In some point the incidence of every factor is affected (or originated)
by the lack of information or by the quality of the available one: The
‘high fixed cost of information’ talks by himself about this problem: as
in a great extent this costs are independent from the amount of the loan
to grant then the smaller projects (in terms of money) will be more
affected, thus this difficulty to reach economies of scale in the
assignment of loan portfolio will discriminate a priori the smaller
firms.
The ‘incentive effect’ has a direct relation with the information
available about the evolution of the project (monitoring) throughout its
“period of life”: the less the monitoring of the project the higher the
probability that the borrower would deviate from the original objectives
agreed.
The ‘variety in credit conditions’ is in part consequence of the
diversity of business in between the SMEs sector, which is not a problem
in it self but the difficulties to manage the information in a more
effective way, forcing the banks to make a more segmented effort
increasing the costs of evaluation and monitoring.

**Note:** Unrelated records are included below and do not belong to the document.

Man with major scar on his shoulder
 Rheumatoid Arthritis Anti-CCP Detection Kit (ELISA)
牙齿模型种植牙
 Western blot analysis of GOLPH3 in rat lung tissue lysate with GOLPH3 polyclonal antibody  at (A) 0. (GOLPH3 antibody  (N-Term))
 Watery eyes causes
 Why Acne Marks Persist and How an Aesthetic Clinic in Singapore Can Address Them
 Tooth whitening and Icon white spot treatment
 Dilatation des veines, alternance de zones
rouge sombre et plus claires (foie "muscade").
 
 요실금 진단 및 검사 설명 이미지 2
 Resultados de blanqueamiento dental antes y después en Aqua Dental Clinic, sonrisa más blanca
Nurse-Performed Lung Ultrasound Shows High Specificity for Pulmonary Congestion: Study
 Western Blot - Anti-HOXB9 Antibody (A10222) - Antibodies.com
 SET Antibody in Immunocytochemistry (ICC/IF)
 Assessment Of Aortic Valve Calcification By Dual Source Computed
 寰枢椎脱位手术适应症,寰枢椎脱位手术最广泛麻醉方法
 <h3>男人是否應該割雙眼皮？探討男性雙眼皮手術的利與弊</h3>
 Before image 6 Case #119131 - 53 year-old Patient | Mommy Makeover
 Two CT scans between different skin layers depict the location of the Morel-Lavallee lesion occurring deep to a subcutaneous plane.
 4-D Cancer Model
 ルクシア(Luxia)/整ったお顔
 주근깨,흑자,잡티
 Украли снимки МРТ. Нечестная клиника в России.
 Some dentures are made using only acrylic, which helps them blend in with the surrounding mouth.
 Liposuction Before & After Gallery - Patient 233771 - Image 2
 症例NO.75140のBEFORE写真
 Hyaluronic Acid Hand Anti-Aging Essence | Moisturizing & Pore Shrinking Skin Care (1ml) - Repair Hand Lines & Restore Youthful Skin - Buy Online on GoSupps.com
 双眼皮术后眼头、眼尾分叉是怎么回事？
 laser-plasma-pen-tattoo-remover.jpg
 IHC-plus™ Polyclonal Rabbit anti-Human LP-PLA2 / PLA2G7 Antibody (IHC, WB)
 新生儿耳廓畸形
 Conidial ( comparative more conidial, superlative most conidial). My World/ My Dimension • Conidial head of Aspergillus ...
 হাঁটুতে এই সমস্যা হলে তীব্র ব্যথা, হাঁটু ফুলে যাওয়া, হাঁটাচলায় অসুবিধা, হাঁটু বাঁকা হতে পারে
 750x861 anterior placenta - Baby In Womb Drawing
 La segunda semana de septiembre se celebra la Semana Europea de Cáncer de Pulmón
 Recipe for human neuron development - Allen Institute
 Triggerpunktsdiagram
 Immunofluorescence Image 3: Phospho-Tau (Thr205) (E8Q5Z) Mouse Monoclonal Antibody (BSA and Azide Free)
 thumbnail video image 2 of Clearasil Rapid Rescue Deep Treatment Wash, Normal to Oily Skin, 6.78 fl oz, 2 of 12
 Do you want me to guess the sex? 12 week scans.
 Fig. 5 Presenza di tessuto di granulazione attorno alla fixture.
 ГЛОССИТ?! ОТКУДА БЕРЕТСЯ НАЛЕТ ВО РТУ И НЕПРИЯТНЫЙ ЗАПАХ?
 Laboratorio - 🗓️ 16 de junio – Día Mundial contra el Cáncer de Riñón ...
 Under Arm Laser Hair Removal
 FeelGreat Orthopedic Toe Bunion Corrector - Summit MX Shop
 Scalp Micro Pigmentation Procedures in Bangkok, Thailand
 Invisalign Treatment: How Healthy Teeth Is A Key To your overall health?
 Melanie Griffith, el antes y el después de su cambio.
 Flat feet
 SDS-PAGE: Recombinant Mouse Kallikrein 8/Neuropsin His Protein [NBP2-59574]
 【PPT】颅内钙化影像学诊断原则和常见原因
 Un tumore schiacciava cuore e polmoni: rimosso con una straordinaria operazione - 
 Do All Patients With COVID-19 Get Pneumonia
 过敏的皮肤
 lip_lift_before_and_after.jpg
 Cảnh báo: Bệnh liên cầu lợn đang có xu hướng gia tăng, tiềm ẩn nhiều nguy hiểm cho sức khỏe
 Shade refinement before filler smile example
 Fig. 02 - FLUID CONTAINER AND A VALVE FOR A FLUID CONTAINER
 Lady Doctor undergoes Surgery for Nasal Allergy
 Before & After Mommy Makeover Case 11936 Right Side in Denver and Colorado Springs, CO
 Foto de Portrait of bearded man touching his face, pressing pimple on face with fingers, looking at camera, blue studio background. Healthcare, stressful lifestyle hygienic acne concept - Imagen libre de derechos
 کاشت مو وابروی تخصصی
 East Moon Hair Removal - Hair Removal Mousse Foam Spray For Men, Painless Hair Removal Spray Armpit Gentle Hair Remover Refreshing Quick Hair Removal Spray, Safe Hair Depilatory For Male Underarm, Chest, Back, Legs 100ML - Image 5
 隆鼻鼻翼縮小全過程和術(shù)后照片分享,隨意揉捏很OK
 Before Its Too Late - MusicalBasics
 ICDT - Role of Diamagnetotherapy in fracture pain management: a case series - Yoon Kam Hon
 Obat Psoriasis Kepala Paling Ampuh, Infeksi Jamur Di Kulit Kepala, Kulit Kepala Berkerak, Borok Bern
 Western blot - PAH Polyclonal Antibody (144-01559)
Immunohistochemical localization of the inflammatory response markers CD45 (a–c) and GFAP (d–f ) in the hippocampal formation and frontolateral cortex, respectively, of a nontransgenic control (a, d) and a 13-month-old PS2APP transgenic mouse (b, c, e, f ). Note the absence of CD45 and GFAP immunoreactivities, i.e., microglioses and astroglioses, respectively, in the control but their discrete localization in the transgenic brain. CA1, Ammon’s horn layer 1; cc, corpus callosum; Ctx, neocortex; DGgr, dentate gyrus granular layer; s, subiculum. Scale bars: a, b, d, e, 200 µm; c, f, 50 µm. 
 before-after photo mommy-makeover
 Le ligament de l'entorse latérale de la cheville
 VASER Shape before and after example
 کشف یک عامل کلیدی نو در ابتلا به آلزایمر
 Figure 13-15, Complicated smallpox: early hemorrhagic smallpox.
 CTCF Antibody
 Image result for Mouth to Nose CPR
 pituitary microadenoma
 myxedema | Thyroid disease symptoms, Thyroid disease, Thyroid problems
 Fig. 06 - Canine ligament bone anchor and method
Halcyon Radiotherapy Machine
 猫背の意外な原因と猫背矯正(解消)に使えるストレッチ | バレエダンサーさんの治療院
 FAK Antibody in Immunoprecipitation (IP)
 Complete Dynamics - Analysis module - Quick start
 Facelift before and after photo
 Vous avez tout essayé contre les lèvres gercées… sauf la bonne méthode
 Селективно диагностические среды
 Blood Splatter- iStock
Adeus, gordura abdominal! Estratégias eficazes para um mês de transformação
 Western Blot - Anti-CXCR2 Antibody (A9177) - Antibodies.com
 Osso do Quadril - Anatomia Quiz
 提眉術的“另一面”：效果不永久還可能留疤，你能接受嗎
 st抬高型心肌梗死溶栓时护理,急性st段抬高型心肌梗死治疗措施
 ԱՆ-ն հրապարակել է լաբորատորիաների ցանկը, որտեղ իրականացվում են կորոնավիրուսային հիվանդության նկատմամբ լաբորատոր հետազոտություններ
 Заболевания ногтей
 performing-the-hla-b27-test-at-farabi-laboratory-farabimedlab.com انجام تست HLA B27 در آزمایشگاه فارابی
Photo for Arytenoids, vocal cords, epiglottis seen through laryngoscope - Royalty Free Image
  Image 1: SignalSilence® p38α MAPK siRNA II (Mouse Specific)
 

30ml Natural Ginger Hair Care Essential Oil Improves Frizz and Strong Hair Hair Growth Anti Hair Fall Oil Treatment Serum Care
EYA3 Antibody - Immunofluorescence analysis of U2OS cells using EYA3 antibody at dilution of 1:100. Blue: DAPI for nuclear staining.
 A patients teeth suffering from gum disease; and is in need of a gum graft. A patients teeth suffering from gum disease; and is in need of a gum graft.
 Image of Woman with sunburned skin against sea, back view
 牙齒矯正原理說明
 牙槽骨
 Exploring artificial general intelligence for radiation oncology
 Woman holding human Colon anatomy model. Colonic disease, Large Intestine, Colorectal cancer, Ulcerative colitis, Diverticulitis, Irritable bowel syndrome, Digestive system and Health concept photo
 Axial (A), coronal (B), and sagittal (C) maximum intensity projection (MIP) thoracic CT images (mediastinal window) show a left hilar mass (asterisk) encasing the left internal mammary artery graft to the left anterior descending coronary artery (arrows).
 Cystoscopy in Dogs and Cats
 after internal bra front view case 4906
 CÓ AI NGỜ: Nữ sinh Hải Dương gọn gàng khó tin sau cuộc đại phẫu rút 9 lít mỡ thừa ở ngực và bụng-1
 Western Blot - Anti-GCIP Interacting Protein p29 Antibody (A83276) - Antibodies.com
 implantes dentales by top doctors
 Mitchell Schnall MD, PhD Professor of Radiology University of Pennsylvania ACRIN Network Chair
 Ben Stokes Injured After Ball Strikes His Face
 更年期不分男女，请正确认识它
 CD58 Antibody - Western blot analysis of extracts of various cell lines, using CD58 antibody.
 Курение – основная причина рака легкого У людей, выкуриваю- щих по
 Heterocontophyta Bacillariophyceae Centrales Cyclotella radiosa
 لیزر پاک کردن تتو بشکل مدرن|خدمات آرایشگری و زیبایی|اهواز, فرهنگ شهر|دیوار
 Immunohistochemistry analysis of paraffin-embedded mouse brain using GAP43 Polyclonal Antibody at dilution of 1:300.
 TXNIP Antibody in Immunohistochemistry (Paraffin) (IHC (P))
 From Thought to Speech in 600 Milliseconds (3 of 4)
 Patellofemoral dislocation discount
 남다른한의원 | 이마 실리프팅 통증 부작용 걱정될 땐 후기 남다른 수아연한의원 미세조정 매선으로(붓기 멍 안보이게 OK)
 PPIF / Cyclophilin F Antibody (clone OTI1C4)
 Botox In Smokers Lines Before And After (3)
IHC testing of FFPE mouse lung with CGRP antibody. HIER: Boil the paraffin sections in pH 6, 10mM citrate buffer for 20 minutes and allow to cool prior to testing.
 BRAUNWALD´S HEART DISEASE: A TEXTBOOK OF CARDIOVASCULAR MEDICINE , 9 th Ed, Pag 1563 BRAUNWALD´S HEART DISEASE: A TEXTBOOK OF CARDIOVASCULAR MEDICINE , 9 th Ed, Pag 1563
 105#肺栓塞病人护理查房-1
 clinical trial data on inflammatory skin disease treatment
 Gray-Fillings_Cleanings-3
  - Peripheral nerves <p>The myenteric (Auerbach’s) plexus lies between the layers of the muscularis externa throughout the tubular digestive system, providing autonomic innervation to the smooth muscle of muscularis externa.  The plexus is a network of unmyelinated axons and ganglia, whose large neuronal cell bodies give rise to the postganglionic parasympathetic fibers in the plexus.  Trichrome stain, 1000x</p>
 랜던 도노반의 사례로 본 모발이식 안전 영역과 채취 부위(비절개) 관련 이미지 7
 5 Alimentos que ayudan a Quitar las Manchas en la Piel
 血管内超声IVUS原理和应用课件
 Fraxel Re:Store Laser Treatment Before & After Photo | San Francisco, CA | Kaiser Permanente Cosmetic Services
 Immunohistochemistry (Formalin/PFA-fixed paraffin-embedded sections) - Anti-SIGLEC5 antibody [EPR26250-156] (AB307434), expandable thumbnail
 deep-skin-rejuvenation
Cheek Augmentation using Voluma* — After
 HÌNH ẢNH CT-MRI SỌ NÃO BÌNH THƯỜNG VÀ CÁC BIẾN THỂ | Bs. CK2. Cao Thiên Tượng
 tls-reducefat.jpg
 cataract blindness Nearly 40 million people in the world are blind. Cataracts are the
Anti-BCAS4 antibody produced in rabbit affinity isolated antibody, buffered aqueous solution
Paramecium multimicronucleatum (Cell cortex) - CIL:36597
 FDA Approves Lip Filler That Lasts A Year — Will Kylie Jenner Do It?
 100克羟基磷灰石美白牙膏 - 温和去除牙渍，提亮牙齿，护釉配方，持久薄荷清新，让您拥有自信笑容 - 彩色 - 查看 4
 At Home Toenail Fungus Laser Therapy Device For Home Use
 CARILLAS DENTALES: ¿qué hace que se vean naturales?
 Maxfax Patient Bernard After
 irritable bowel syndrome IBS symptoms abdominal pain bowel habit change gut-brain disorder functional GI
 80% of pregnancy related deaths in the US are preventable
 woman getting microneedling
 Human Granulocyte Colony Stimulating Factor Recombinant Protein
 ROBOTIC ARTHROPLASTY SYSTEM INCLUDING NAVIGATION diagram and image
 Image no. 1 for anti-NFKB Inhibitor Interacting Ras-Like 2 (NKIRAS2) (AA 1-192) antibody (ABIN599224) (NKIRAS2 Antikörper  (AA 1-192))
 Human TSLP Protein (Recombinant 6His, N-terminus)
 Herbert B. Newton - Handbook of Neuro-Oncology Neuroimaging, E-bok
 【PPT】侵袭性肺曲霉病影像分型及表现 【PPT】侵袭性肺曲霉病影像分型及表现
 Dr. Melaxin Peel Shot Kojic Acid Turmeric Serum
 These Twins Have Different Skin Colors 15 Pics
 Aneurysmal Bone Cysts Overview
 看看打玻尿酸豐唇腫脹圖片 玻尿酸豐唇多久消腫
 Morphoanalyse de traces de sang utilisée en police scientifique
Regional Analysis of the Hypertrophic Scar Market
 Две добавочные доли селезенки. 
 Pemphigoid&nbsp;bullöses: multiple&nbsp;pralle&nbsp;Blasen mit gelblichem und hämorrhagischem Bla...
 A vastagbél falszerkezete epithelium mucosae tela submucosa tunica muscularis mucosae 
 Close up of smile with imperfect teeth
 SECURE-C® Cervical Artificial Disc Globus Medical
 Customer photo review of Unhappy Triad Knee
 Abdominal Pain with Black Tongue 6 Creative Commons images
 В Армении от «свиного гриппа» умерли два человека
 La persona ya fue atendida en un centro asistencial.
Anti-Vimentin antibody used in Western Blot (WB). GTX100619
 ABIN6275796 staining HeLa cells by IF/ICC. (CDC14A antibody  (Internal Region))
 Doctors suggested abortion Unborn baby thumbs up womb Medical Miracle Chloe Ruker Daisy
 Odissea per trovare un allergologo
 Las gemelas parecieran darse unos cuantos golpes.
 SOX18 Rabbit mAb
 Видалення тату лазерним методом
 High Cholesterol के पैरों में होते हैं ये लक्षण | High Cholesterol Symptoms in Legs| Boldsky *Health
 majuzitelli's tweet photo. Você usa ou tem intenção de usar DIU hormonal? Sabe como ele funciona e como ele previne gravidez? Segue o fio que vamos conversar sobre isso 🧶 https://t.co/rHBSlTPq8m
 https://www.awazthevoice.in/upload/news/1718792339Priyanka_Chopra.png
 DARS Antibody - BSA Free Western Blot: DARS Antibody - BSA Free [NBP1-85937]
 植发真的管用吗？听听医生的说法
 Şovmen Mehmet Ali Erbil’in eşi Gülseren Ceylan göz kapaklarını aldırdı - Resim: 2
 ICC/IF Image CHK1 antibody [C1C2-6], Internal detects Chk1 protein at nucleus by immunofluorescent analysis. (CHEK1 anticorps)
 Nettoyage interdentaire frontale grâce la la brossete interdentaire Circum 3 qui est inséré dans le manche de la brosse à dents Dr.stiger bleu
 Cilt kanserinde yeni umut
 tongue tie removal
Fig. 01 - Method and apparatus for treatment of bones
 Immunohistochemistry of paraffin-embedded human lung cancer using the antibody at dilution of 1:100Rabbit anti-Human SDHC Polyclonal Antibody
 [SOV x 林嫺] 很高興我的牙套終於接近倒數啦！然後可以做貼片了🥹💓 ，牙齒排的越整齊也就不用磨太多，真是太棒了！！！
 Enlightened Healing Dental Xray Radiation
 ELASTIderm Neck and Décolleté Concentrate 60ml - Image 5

The ‘variety of attitudes’ is related with the incentive effect factor
and of course either in this point the effort made by the lender has to
be more segmented reducing the cost efficiency mentioned in the previous
point.
The ‘high mortality rate’ of SMEs is part of the ‘intrinsic’
characteristics of this sector and in this aspect the decrease of the
mortality not only depends on the information provided to the bank by
the company in order to anticipate financial crisis situations but also
the information that the company obtain (i.e. consultancy) and of course
the commercial aspect of the business.
3.2. Asymmetric Information and concentration process
This section will be focused in the reshape of the financial system
caused by the banking concentration process after the Tequila Crisis,
highlighting the vanishing of financial intermediaries that had been
typically oriented to SMEs financing and thus had closer information.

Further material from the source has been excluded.